The elliptic curves used in this factoring algorithm are defined over the field of rationals, Q. Thus, we may assume that they have equations given by y2 = x3 + ax + b, where we will always take a and b to be integers. For any integer n, we consider the mod n reduction of such an elliptic curve. That is, if E is the elliptic curve and P = (x,y) a point of the curve, with integer coordinates, then the modulo n reduction of E, denoted by E mod n, contains the point P mod n = (x mod n, y mod n). Every time we compute a multiple of P, we will really only be concerned with the reduction of its coordinates mod n. The formulas we have developed for curves of this form are still valid when we reduce them mod n. There is only one caveat to treating the numbers in this way, and that is, whenever we calculate a division (such as in finding a slope of a line) we must have the divisor be relatively prime to n. The calculation of the inverses to do the divisions is done with the extended Euclidean algorithm, so in doing the calculation, determining whether or not the divisor is relatively prime to n is automatic.

The essential idea behind the algorithm is very simple. Starting with a, possibly arbitrary, elliptic curve and any integer coordinate point P on it, calculate all integer multiples of P mod n up to a predetermined bound, where n is the number you wish to factor. At each step, there will be a division, and so, the gcd of the divisor and n will be calculated. If this gcd always turns out to be 1, you will be able to obtain the multiple of P mod n that you sought, and will have failed to factor n. If the gcd is ever not 1, then either it is n, and you can again stop since you have failed to factor n, or the gcd is not 1 or n, and therefore is a proper factor of n (success!!!). Whenever the method fails to produce a factor, just pick a new elliptic curve and point and start over.

#### Example

We want to factor 4453. Let E be the elliptic curve y2 = x3 + 10x -2, and P = (1,3). As we calculate 2P, we need the slope of the tangent line at P, which is (3x2 + 10)/2y evaluated at P, i.e., 13/6. We take this mod 4453, and use the fact that gcd(6,4453) = 1 to obtain, 6-1= 3711 mod 4453, and therefore the slope is 3713. Using our formulas we have 2P mod 4453 = (4332, 3230).
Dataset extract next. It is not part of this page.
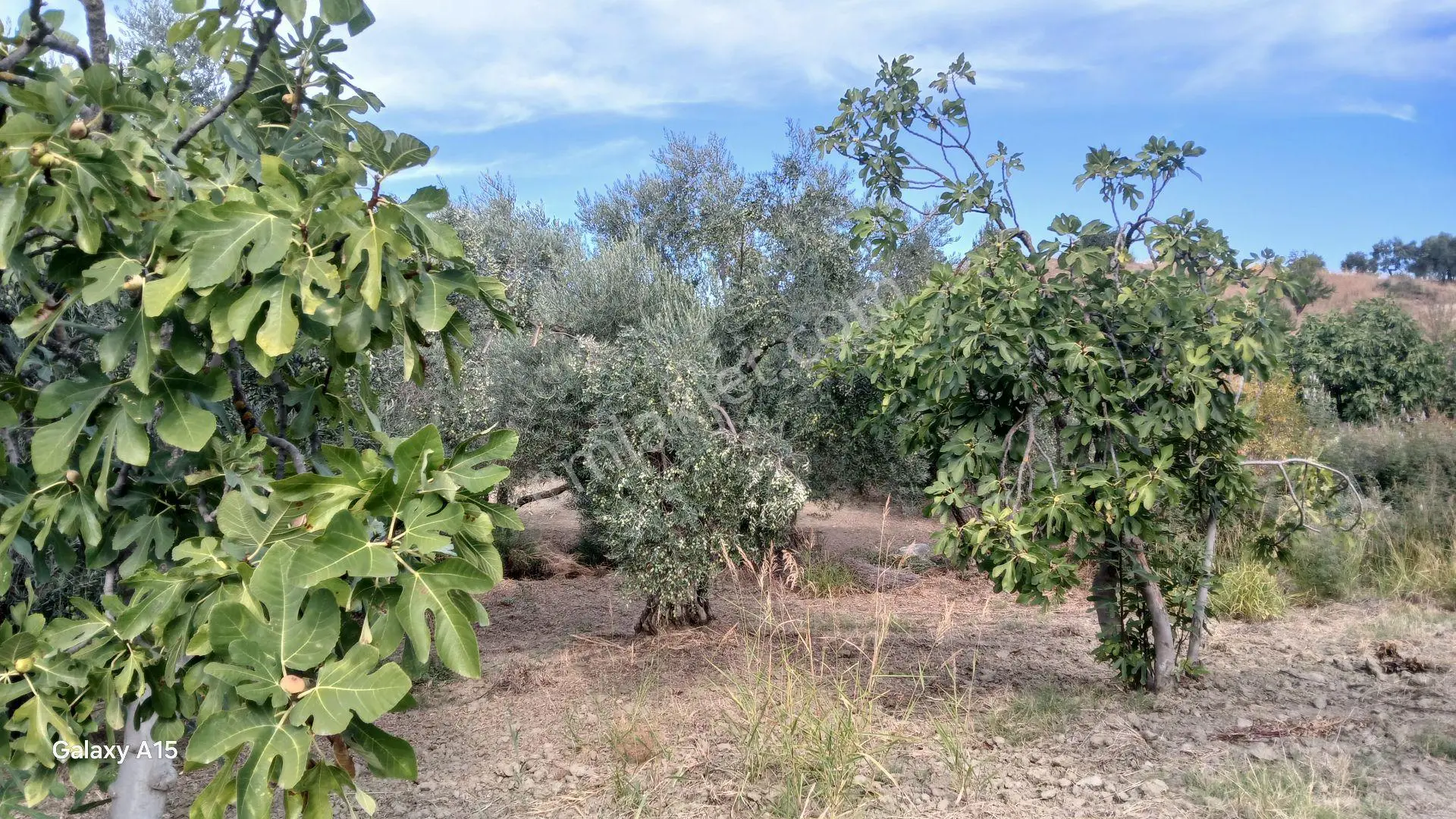 Germmencik Hıdırbeyli'de 6.826 Metre Kare Verimli İncirlik Ve Zeytinlik — fotoğraf 2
Now we calculate 3P as P + 2P. The slope of the line joining these points is 3227/4331. But gcd (4331, 4453) = 61, so the computation can not be carried out, however we obtain that 4453 = 61 × 73.

The only real issues to settle are how to pick a supply of elliptic curves and points, and what a good bound for the computation would be. In selecting the elliptic curve, we could randomly select the integers a and b and then locate a point P on the curve, but this is not very efficient. Rather, select the point P = (x,y) first, then randomly pick an integer a and finally calculate b = y2 -x3 -ax to obtain the the elliptic curve which contains the point P. Since we need to have non-degenerate elliptic curves, we must check that the discriminant of the cubic function is not 0 (compare this to the quadratic function case). The discriminant of our cubic is 4a3 + 27b2. Actually, we want to have that the discriminant is not 0 mod n, so we will first calculate the gcd(4a3 + 27b2, n). If this gcd is n, then we must select another elliptic curve. If it is 1, we can continue and if it has any other value, we have found a factor of n and may stop. The bound is essentially the point at which we give up on any elliptic curve we are examining. If the bound is too small then we will be giving up too soon and will have to examine many elliptic curves before finding one that gives a factor. If the bound is too large, then the chance of finding a factor from any elliptic curve is much higher but the computational effort becomes too great. Thus the bound needs to be a compromise value, not too small and not too large. The right order of magnitude for the bound depends on the size of the expected factor (generally an unknown quantity) and so is often set experimentally.

The elliptic curve method seems to be best suited for factoring numbers of medium size, say around 40 or 50 decimal digits. These numbers are no longer used for the security of factoring-based systems such as RSA. For larger numbers, the quadratic sieve and number field sieve are superior.